#### REQUIREMENT
Take from the records below each line that holds "Brown".

#### SUPPLIED DATA
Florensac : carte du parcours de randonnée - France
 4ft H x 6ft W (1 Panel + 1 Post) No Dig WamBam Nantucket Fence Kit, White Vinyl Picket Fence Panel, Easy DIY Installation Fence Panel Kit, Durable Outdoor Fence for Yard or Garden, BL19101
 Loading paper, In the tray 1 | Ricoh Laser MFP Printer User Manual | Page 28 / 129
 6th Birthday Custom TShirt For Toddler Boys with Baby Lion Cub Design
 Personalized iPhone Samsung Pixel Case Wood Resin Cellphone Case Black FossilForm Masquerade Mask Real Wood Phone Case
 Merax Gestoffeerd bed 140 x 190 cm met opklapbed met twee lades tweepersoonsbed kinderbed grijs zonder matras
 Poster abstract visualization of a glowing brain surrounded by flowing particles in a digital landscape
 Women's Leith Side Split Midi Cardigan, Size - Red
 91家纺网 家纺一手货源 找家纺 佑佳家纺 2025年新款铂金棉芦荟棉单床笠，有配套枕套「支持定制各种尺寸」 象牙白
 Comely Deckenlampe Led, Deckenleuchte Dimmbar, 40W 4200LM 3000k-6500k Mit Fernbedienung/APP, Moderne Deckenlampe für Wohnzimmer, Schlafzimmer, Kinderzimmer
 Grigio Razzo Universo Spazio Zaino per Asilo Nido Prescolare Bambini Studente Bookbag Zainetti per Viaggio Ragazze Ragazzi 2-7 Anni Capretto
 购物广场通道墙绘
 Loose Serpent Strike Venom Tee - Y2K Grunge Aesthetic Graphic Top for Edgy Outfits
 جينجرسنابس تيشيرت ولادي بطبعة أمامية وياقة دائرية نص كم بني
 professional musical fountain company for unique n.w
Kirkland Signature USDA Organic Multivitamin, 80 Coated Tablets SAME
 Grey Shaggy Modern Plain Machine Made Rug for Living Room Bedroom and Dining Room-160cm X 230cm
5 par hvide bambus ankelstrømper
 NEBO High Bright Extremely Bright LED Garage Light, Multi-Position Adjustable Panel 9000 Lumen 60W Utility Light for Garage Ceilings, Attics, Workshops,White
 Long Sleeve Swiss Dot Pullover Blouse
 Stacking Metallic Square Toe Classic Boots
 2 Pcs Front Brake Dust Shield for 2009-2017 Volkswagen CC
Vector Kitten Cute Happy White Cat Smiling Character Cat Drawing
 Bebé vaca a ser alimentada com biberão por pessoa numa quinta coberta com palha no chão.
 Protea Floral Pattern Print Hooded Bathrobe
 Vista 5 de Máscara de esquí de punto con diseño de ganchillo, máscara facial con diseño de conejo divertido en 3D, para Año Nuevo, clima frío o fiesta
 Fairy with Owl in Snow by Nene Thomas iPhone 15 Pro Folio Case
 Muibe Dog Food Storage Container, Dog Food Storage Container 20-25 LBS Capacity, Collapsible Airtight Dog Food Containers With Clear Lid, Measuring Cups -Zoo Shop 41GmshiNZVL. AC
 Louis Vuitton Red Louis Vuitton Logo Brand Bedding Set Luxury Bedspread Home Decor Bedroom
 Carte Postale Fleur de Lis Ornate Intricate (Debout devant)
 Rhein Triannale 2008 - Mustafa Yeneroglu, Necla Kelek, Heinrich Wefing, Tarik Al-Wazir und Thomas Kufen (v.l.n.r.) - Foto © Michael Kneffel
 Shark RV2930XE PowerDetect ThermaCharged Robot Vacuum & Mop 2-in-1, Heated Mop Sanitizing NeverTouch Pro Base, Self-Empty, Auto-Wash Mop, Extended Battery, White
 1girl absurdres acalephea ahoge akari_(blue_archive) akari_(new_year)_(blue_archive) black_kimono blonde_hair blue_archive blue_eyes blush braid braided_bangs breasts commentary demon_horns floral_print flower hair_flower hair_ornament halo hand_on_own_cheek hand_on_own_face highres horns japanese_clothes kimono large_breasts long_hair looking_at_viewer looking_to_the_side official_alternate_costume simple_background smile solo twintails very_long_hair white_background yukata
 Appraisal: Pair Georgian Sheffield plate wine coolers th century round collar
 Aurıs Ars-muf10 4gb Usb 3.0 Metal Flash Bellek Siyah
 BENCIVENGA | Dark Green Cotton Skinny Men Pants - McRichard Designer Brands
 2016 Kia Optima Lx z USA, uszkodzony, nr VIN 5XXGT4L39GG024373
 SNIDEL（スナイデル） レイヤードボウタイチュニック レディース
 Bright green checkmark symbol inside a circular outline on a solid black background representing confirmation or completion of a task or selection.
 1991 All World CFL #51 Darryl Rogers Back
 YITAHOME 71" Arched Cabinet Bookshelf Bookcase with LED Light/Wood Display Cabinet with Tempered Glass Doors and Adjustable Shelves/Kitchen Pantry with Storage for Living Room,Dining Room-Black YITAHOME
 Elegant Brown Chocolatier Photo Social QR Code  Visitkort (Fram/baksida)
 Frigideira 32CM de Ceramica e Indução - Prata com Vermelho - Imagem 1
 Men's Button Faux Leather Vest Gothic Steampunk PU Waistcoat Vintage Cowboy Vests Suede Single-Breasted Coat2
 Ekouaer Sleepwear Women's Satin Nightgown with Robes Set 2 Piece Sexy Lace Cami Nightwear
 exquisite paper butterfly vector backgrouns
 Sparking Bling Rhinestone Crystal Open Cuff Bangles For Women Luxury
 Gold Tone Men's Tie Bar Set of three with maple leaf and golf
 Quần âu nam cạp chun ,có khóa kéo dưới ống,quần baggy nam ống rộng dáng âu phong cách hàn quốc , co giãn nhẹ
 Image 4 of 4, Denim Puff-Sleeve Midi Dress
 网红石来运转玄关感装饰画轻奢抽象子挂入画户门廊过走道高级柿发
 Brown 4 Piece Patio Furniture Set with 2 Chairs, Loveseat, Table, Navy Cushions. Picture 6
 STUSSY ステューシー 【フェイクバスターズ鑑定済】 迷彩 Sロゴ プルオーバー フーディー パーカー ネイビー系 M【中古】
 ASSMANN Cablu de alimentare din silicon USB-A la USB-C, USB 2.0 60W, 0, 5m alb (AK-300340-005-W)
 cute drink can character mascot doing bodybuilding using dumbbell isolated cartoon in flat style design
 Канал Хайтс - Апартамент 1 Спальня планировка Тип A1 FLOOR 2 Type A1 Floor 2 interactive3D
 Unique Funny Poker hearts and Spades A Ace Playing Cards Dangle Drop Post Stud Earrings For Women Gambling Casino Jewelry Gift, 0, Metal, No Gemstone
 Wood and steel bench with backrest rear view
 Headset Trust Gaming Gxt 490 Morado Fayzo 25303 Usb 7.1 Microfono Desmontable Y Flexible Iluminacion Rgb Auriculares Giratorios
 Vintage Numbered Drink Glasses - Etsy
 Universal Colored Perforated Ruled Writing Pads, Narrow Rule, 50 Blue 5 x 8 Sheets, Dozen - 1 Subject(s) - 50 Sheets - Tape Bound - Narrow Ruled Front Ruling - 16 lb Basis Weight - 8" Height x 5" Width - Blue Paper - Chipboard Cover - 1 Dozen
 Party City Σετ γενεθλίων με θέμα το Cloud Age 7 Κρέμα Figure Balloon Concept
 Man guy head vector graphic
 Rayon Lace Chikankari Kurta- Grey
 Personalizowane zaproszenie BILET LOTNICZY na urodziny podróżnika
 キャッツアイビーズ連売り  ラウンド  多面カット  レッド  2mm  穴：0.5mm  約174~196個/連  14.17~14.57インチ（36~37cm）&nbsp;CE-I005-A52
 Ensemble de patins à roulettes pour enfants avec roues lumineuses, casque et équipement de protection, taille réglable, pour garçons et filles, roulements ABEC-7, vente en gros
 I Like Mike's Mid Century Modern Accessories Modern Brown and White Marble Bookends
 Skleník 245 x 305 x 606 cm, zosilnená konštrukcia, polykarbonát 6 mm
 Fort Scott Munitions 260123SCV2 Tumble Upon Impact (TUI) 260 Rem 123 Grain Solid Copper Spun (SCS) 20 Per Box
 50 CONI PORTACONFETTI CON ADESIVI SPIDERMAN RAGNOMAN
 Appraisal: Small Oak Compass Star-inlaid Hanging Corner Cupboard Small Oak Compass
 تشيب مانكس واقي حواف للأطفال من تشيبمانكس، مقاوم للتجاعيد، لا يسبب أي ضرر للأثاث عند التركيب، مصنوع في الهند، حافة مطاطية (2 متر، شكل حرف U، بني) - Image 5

#### WRITTEN SOLUTION
 Elegant Brown Chocolatier Photo Social QR Code  Visitkort (Fram/baksida)
 Brown 4 Piece Patio Furniture Set with 2 Chairs, Loveseat, Table, Navy Cushions. Picture 6
 I Like Mike's Mid Century Modern Accessories Modern Brown and White Marble Bookends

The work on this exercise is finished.